Segment Open

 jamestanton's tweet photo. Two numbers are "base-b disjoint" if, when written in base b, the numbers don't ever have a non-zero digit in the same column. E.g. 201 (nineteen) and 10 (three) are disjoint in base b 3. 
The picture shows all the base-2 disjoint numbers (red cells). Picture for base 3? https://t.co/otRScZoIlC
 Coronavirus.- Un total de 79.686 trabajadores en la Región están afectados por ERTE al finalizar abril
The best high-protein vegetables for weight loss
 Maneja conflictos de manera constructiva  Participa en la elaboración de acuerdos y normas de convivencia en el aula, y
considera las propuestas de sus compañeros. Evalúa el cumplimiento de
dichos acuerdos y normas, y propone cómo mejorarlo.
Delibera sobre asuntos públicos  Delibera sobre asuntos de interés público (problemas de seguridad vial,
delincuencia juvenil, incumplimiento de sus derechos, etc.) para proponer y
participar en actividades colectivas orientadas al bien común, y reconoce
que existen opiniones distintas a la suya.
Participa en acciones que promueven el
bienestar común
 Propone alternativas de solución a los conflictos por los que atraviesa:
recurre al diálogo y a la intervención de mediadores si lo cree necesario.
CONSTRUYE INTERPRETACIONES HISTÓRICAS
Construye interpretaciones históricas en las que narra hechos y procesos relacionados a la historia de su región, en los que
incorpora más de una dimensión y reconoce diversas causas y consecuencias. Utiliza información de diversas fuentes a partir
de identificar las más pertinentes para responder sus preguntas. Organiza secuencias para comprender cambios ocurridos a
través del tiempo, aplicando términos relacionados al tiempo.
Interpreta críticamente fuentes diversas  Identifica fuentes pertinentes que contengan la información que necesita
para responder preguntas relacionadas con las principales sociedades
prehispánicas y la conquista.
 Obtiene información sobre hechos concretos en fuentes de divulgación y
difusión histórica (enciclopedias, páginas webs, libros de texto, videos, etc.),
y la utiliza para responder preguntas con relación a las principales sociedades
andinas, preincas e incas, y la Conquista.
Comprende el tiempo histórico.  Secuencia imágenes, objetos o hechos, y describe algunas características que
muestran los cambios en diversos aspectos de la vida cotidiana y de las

Segment Closed

What this exercise asks for is every line of the data above with the word "información".

== Worked solution ==
incorpora más de una dimensión y reconoce diversas causas y consecuencias. Utiliza información de diversas fuentes a partir
Interpreta críticamente fuentes diversas  Identifica fuentes pertinentes que contengan la información que necesita
 Obtiene información sobre hechos concretos en fuentes de divulgación y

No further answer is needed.